Esse novo elemento, o do leitor, acaba por trazer ao roteiro questões diferentes às já tratadas em Swimming Pool (apesar do inegável diálogo entre ambas as obras). Se, ao começo do filme, vemos uma relação fria e impessoal entre um professor e um aluno, lentamente assistimos à gradual transformação desta em uma relação autor/leitor, com tudo que essa nova dinâmica acarreta. Envolvido na história narrada pelo aluno, o professor já não se prende às noções éticas para as quais, enquanto professor, deveria atentar; pelo contrário, a entrega que este protagoniza faz com que todas as fronteiras se apaguem, incluindo as que estabelecem regras comportamentais para as determinadas relações construídas socialmente.

A narrativa do jovem escritor, assim como ocorre em Swimming Pool, remete também a uma história que não se sabe se é verdadeira ou não; embora parta de personagens existentes na trama, não é possível verificar se mantém a veracidade até o fim ou se – como no caso do primeiro – acaba por se embrenhar no ficcional. Situada dentro de uma casa na qual o garoto se infiltra sob a justificativa de ajudar o amigo a estudar para as provas, é interessante perceber como o caráter voyeurístico se impõe com força em diferentes níveis: o impulso voyeur nasce com o escritor (determinado em desvendar o que se dá por trás das fachadas da família comum de classe média), atinge o professor/leitor (obcecado por terminar a história) e chega - enfim - ao espectador do próprio filme.

Nesse ponto, Ozon levanta uma questão interessante a respeito do prazer voyeurístico como um elemento importante e constitutivo da arte (tanto com relação à literatura quanto com relação ao cinema). O prazer perverso de ver sem ser visto, de se infiltrar em espaços, até então, não passíveis de infiltração, é um prazer que a gente enxerga nos olhos do menino escritor e leva um susto ao perceber que este nada mais é do que um reflexo da nossa própria perversão, enquanto leitores, enquanto espectadores e – por que não dizer? – enquanto seres humanos.
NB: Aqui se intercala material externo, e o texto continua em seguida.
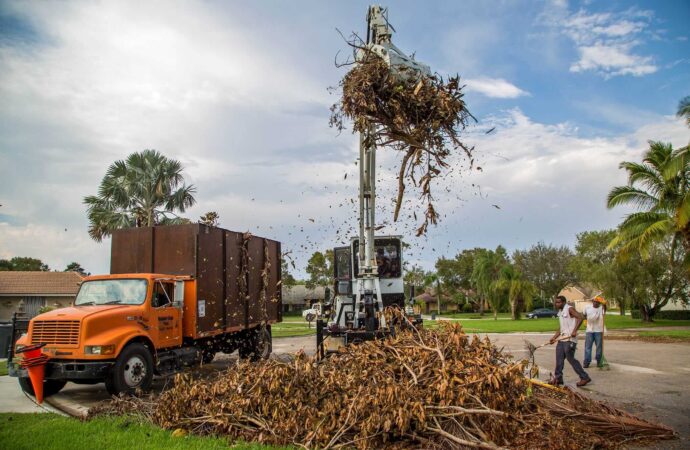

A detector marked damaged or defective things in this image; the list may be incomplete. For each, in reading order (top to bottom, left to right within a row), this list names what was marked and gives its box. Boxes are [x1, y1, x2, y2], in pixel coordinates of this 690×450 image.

rusty metal dump bed [110, 223, 280, 336]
Já a antiga dicotomia ficção/realidade que tanto já foi trabalhada na literatura e no cinema se mostra aqui com menos força do que em Swimming Pool (no qual até o jogo de espelhos ou o uso de portas de vidro e cenas filmadas através da piscina pontuavam a ideia de uma impossibilidade de se determinar o que era a imagem e o que era o reflexo). Ainda assim, a questão volta para Ozon como um ponto recorrente – e, portanto, fundamental – para a relação que se constrói com a arte. “Tudo é real porque tudo é inventado”, diria Guimarães Rosa. E talvez seja essa, enfim, a premissa fundamental de ambos os filmes: uma ficção tão, ou mais, real que a própria realidade em si, pondo em cheque dois aspectos que estão longe de ser mutuamente exclusivos, mas que se entrelaçam e se invertem através da arte. Pessoa, outro escritor igualmente preocupado com tais questões, também já disse: “toda a literatura consiste num esforço para tornar a vida real”. Toda a literatura, todo o cinema; se a vida é – como afirma Bernardo Soares (ficção de Fernando Pessoa, o real, ou, quem sabe, exatamente o oposto) – “absolutamente irreal, na sua realidade directa”, o que nos resta é, de fato, buscar na arte e em sua teórica mentira a verdade que tanto nos falta.

É essa busca – sorrateira, secreta e inevitavelmente obsessiva – que motiva o jovem escritor em suas invasões voyeurísticas, que motiva o professor/leitor em suas empreitadas eticamente questionáveis e que motiva a nós – espectadores e, de certa forma, também leitores – a não interromper a narrativa que, assim como o interior da casa, nos traga a atenção e nos obriga a manter os olhos na tela, atentos à veracidade que, surpresos, encontramos ali mais do que em nós mesmos.